• _Exercise details_
Omit the images and return the remaining entries unchanged.

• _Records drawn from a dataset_
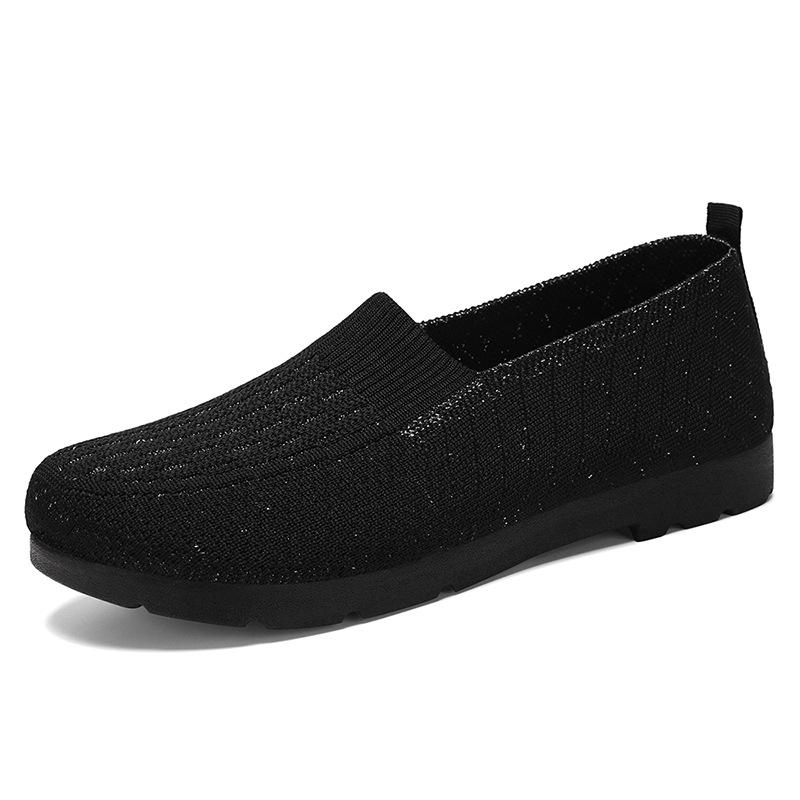 Suave Step™ - Zapatos de Suela Suave (FB)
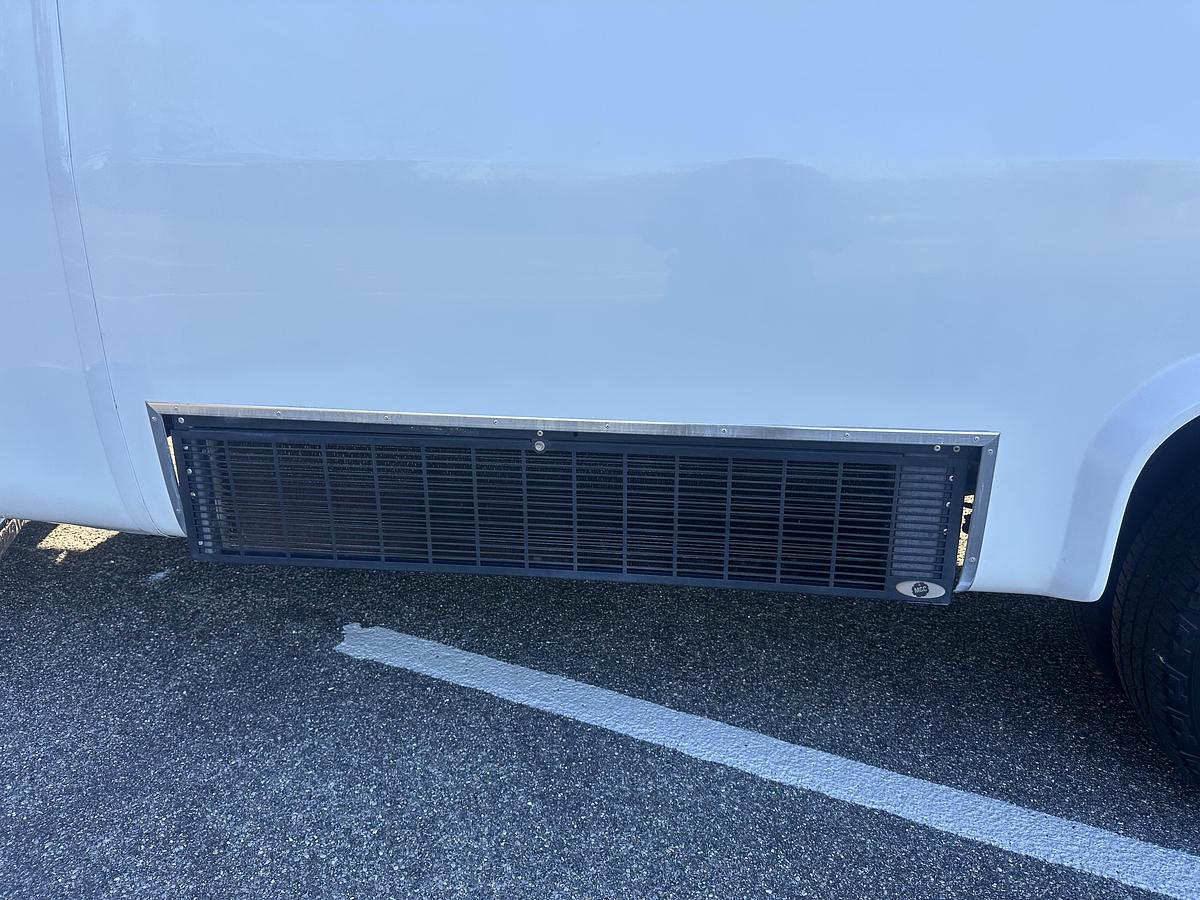 Refurbished 2018 Ford E-350 Non-CDL 13/2 Wheelchair Shuttle Bus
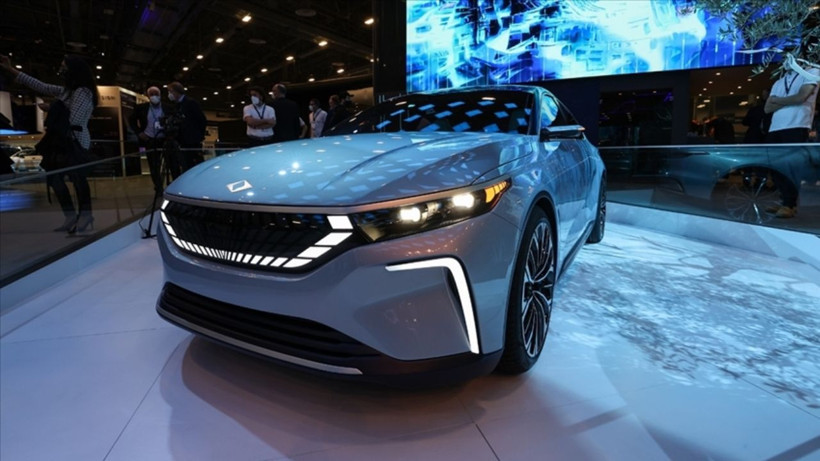 TOGG fiyatı açıklandı mı? Yerli otomobil gümbür gümbür geliyor - Resim: 1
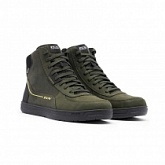 Мотоботы TCX Mood 2 Gore-Tex Black/White/Green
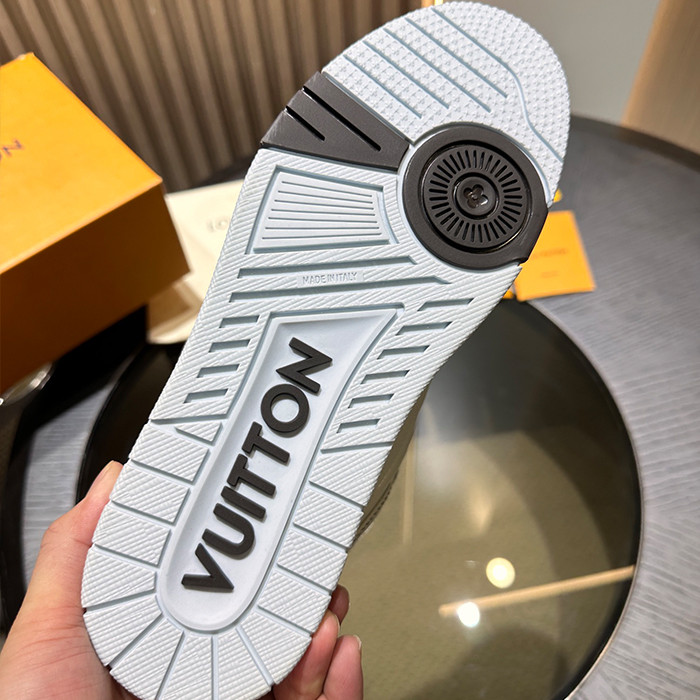 Louis Vuitton Skate Trainer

• _Answer box_
 Suave Step™ - Zapatos de Suela Suave (FB)
 Refurbished 2018 Ford E-350 Non-CDL 13/2 Wheelchair Shuttle Bus
 TOGG fiyatı açıklandı mı? Yerli otomobil gümbür gümbür geliyor - Resim: 1
 Мотоботы TCX Mood 2 Gore-Tex Black/White/Green
 Louis Vuitton Skate Trainer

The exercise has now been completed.